Confusing display screens, software defects, swollen batteries and other defects
could have resulted in the pumps either shutting down or under- or over-delivering
critical medication and fluids to patients and were associated with serious
injuries and deaths.

In June 2006, the manufacturer, Baxter Healthcare Corporation signed a consent
decree with FDA detailing the steps that must be taken before the Colleague
pump would meet appropriate regulatory requirements and could be sold again.
The agreement resolved a court action by FDA that began with the October 2005
product seizure.

[…]

The
Colleague device was one of the most commonly used volumetric pumps in the
U.S. when FDA asked U.S. marshals to seize all pumps stored in Baxter Healthcare's
northern Illinois warehouses in October 2005. However, hospitals and clinics
were allowed to continue to use pumps already in their possession, guided
by instructions provided by Baxter Healthcare.

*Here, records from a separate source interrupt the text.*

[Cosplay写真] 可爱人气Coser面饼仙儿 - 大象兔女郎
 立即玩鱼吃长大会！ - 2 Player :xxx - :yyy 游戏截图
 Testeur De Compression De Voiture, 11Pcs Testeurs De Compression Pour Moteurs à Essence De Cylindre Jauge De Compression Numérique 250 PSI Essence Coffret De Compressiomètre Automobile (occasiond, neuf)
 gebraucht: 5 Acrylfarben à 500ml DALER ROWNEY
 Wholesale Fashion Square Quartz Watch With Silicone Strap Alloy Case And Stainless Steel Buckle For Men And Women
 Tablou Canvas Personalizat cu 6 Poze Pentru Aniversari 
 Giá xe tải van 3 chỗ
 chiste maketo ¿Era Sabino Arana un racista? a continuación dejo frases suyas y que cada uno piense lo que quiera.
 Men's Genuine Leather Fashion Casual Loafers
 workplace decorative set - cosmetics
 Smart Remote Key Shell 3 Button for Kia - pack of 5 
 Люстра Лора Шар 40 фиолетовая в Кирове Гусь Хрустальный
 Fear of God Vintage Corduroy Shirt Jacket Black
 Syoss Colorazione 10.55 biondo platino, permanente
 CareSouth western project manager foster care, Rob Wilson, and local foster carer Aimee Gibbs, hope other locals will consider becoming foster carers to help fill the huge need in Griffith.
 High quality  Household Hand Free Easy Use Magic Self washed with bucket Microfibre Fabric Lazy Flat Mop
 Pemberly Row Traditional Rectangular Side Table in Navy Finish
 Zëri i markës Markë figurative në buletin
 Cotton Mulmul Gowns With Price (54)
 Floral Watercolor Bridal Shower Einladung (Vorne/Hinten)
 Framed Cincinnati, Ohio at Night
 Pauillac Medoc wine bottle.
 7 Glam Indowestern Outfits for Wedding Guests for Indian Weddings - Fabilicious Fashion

Baxter Healthcare's pre-market submission for the modified pump included:

• detailed testing to demonstrate that the pump meets the latest
  electromagnetic testing compatibility standard;
• complete redesign of the battery protection circuit;
• improved interface to warn user of battery depletion problems;
• complete documentation to support unit and system-level software verification
  and validation of the final finished device to alleviate software problems
  that could lead to over and under infusion;
• a human factors evaluation to alleviate concerns about silent failures
  and unclear operating instructions;
• information to support hardware redesigns; and
• a rewritten user manual.

FDA will continue working with Baxter Healthcare to ensure that infusion
pumps are safe and effective for their intended use. FDA is committed to
assuring that the company fully addresses the issues identified in the consent
decree. Pumps seized by the government are not in distribution at this time.
Baxter Healthcare is located in Deerfield, Ill.